Wenige Wochen vor dem Sonderparteitag spitzen sich die Widersprüche bei den Grünen zu: Die Fraktion der Kriegsgegner wird stärker

Aufregung bei den Berliner Grünen: Nachdem eine Gruppe von linksradikalen Besetzern von der Polizei aus der Landesgeschäftsstelle geräumt wird, steht die Partei Kopf. Die "militärische Lösung" sei "nicht akzeptabel", schimpfen Basisvertreter aus Hohenschönhausen. Die Kreuzberger Bezirksgruppe will sogar Geld für den Fall sammeln, daß sich die Aktivisten vom autonomen "Gegen-Informations-Büro" nun vor Gericht verantworten müssen. Drei Grüne geben als Reaktion auf die vom Vorstand beschlossenen Räumung ad hoc ihr Parteibuch ab - unter ihnen Judith Demba. Die Senatsabgeordnete ist sich sicher: "Mir werden noch viele folgen."

Tatsächlich? Bislang kommt immer die Zahl 200 ins Spiel, wenn von Grünenmitgliedern gesprochen wird, die ihrer Partei wegen des Kriegskurses den Rücken kehren. Wieviele es wirklich sind, vermag noch niemand genau zu sagen. Nach Informationen der Berliner Geschäftsstelle steht der Hauptstadt-Landesverband derzeit mit 25 Austritten hinter Nordrhein-Westfalen mit 50 und Bayern mit 30 auf Platz drei. Bei rund 51 000 Mitgliedern nicht gerade viel für eine Organisation, zu deren Basics einst ein idealistisch begründeter Pazifismus gehörte.

Dennoch: Was sich vergangene Woche in der grünen Geschäftsstelle in der Kreuzberger Oranienstraße 25 abspielte, könnte so in zahlreichen grünen Parteibüros stattfinden. Antimilitaristen und Adjudanten des Kriegskurses von Frontmann Joseph Fischer geben sich gegenseitig die Klinke in die Hand, ohne auch nur ansatzweise über gemeinsame Positionen zum Kosovo-Konflikt zu verfügen. "Die Bandbreite der Positionen", sagt die niedersächsische Landesvorsitzende Renée Krebs, "geht von 'Bodentruppen jetzt' bis 'Lösung ohne Waffengewalt'." Wobei das Gewicht eindeutig verteilt ist: Während es an der Basis rumort, ist man sich nach Einschätzung von Reinhard Bütikofer in den Führungsgremien einig. Dort gebe es, beteuert der Bundesgeschäftsführer, eine breite Übereinstimmung für den Kurs der Regierung.

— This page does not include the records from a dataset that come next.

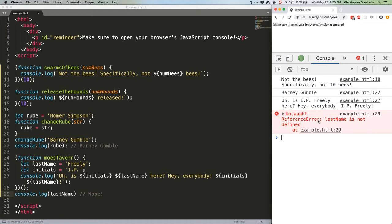If we absolutely need to create a global within an iffy, hint, you almost definitely don't, here's how to do it. But when we need to comment this out, our script will continue executing.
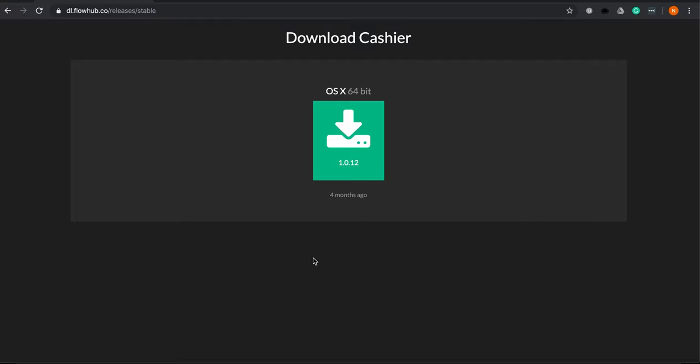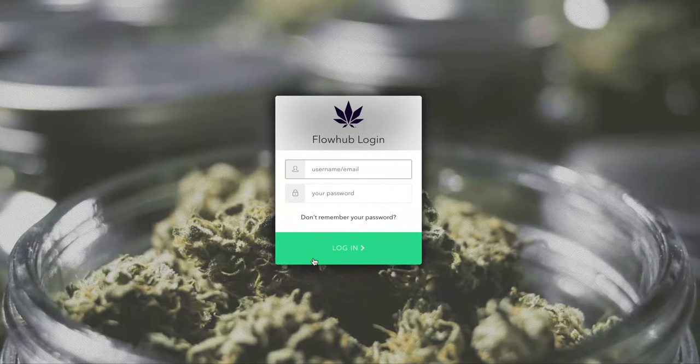Once the download is complete, click the file, run it, and log in with your normal FlowHub credentials.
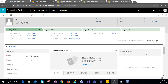Hey everyone and welcome to this video covering leads, opportunities and quotes in Dynamics 365 Project Service Automation. Leads, opportunities and quotes usually start a sales process in a company. If you've used Dynamics 365 Customer Engagement Sales app you've probably worked with these before, and in Project Service Automation those three features aren't really that different from the sales application. Let's hop in the system and see how the beginning of the sales process in Project Service Automation works.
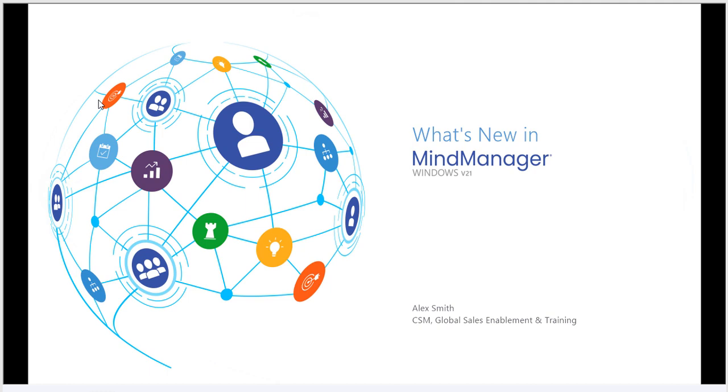Hello, my name is Alex Smith, Customer Success Manager with the Global Sales Enablement and Training Department. Today, our topic is What's New in MindManager 21 for Windows.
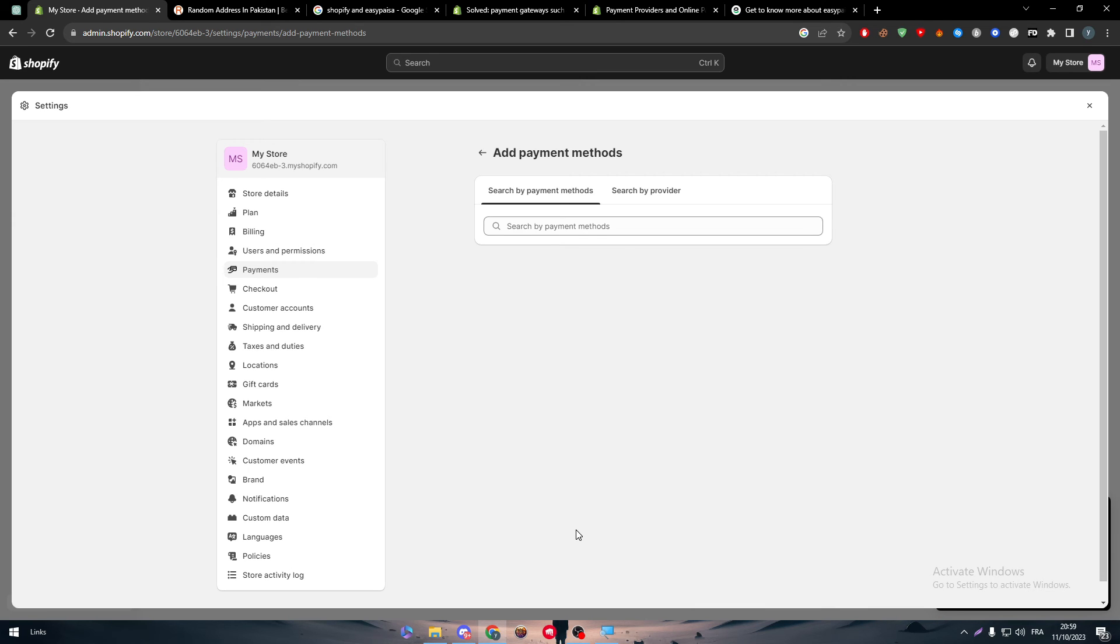And yeah guys, we come to an end for this video. Unfortunately, you can't really integrate these two apps together, which are Shopify and EasyPesa. You can search for alternatives for it. Try to find some and you have a total list in your Shopify account. Look in it and find the one that can fit the best for you. So thank you guys a lot for watching and see you guys in the next tutorial.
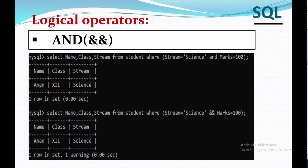The logical AND operator compares two booleans as expressions and returns true when both the expressions are true. Here we want to display the name of the student whose stream is science and marks is 100. We are having only one record matching both criteria: stream = 'science' AND marks = 100. We can also use the && symbol for the logical AND operation.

Bisher zumindest. Spätestens nachdem bekannt wurde, daß wohl Nato-Bomber einen kosovo-albanischen Flüchtlingstreck angegriffen und dadurch mindestens 70 Menschen ermordet haben, gewinnen die Kriegsgegner publizistisches Oberwasser. Und das bekommen auch die Bonner Grünen zu spüren. Neben den sieben bisherigen Bundestagsabgeordneten um Christian Ströbele sind nun weitere wie etwa Winfried Nachtwei auf Distanz zum Kurs der Regierung gegangen. Auch der parteilinke Babelsberger Kreis lehnte den Nato-Angriff auf ihrem Treffen am vergangenen Sonntag in Kassel rundweg ab - die beiden Kriegsbefürworter Angelika Beer und Ludger Volmer hatten sich wohlweislich gar nicht erst in dem Gremium blicken lassen. Zudem wurde am Wochenende bekannt, daß sich mit der Umwelt-Staatssekretärin Gila Altmann erstmals ein Regierungsmitglied offen gegen den Nato-Angriffskrieg stellte. Schon vorher befürchtete Parteisprecherin Antje Radcke öffentlich eine Spaltung der Partei, wenn sich nicht bald ein diplomatischer Durchbruch abzeichne.

Daß der nun ausgerechnet mit Initiativen wie etwa Außenminister Fischers Friedensplan zustandekommt, damit rechnet im Lager der Kriegsgegner kaum jemand. Im Gegenteil: Uli Cremer, Mitautor des von knapp 1 000 Parteigängern unterzeichneten innergrünen Anti-Kriegs-Appells, befürchtet, daß "die Initiative am Ende dazu dient, die Akzeptanz für den Einsatz von Bodentruppen zu erhöhen". Daß am Wochenende selbst die Verteidigungspolitische Sprecherin Beer ihre Zustimmung zu solchen Einsätzen eingeräumt hat, spricht für die Einschätzung Cremers. Der Friedensplan ist für den Hamburger Pazifisten nichts als "alter Wein in neuen Schläuchen", mit dem der Minister später vorgeben könne, den diplomatischen Weg vollkommen ausgeschöpft zu haben. "Fischers Vorschlag enthält, verglichen mit dem Entwurf von Rambouillet, im Grunde nichts Neues."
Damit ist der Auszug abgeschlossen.